Home > Technology > Article

Google strikes back? AGI-level reasoning now on-device: the complete Gemma 4 roundup

Technology ✍️ 김현우 🕒 2026-04-03 05:53 🔥 Views: 2

The moment we've all been waiting for is finally here. Last week, a big tech giant quietly (yet powerfully) dropped the next-generation open-source AI model family: Gemma 4. In the community, it's already earned the nickname 'Gemma4you' – because this release is far more than a simple update. It marks the beginning of an era where 'you run models directly on your own computer or phone'.

Gemma 4 official blog image

Developers are already joking about 'Gemma4664' (a meme code for the 2B, 9B and 27B versions) – the buzz is that intense. After digging deep into internal tech docs and ecosystem trends for days, I can clearly pinpoint three ways the new Gemma 4 stands apart from its predecessors.

1. True on-device: AGI-level smarts running on your phone

The biggest shock is probably the performance of the Gemma4847122Sm (the internal codename for the 27B lightweight version). Normally, once a model passes 20 billion parameters, you'd think 'ah, this is cloud-only'. But here, by pushing 4-bit quantisation to its absolute limit, they've made it run smoothly not only on the latest devices like the Galaxy S26 but even on mid-range APUs in an optimised Android environment. That means your own app can handle complex multi-step reasoning without any network connection, right on your phone.
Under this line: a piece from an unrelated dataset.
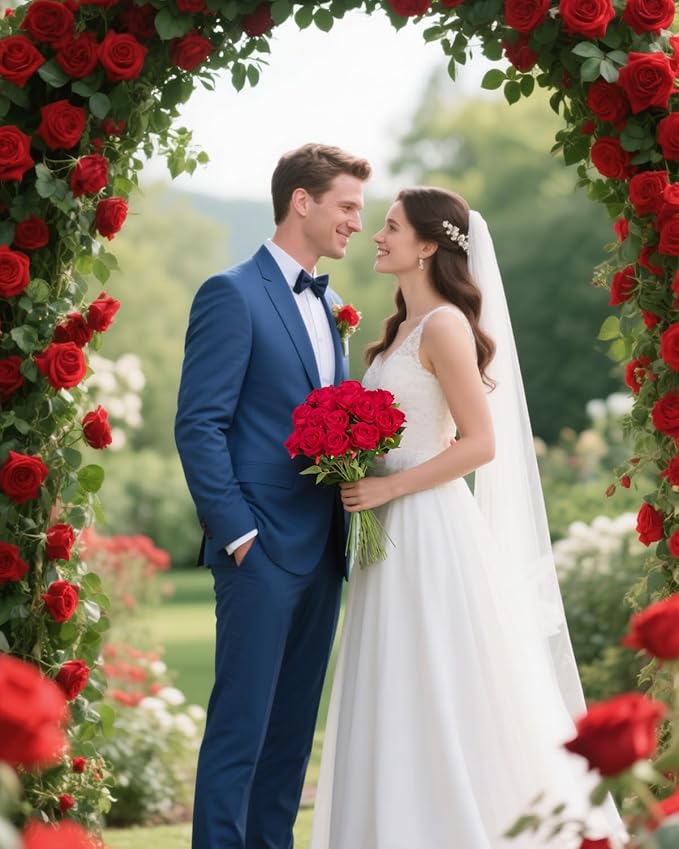 LFF Premium Artificial Classic Red Roses - 50Pcs Realistic Velvet Faux Roses with Long Stems for Wedding Bouquets, Centerpieces, Proposals & Home Decor(Red)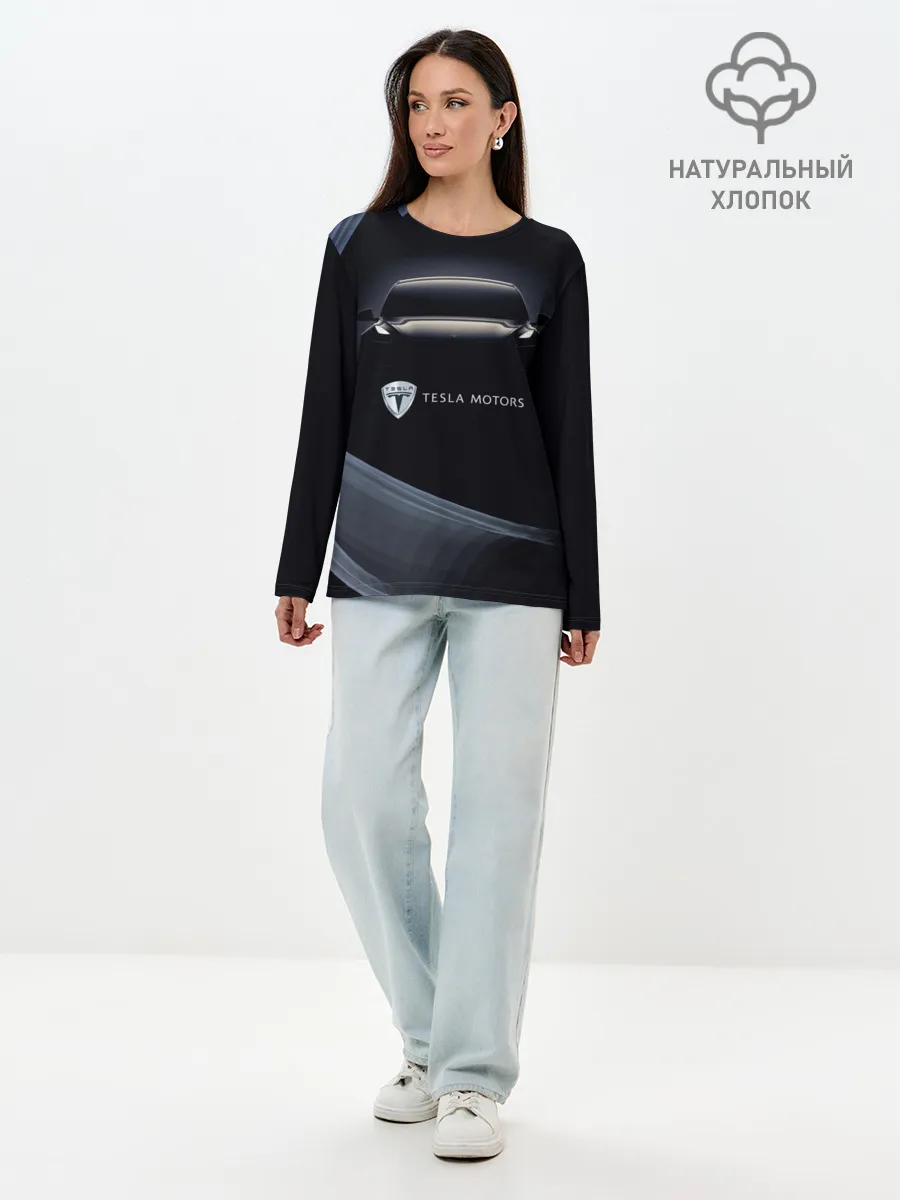 Лонгслив женский. Хлопок / Tesla Model 3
That's why the hashtag 'Gemma4Heaven' started trending.

2. The hidden weapon of Gemma 4: killing hallucinations

The biggest headache for open-source models has always been their tendency to 'wrap lies in pretty packaging'. So it's huge news that the entire Gemma 4 lineup now comes with a built-in 'fact-checking layer'. The 9-billion-parameter Gemma4658 version, in particular, scored a staggering 87.2% accuracy on validation datasets, cutting hallucination rates by nearly half compared to its peers.

  • Reasoning agents: An 'agentic workflow' – reading search results, executing code, synthesising outputs – can now run entirely on your phone.
  • Dev-friendly: Runs immediately with Keras and JAX, and of course with PyTorch too. Just one line: 'import gemma4'.
  • Android Studio integration: Thanks to the new 'Android Nano 4' SDK, it plays more nicely with Android than any other open-source model out there.

3. The developer ecosystem: truly the age of 'Gemma4you'

Honestly, I used to have a bias: 'Open-source from a certain company only really works well on their own cloud.' But the Gemma 4 family genuinely changes the game. I spun up a local Docker container, grabbed the model from the open-source community in under two minutes, and ran it. Even with the 9B model, it effortlessly solved spatial reasoning problems like 'peeling a banana' – problems that previously required a giant 405B model to crack. This is one of the very few models that gives me the feeling of 'your pet dog suddenly starting to speak a foreign language'.

In short, they've landed a real punch here. AI is no longer the exclusive domain of expensive GPU clusters. Gemma 4 will completely reshape the edge AI landscape for the next year. If you're a developer, head to the official channels right now and grab the 'Gemma4658' checkpoint. The day your app no longer has to depend on the cloud? That day is today.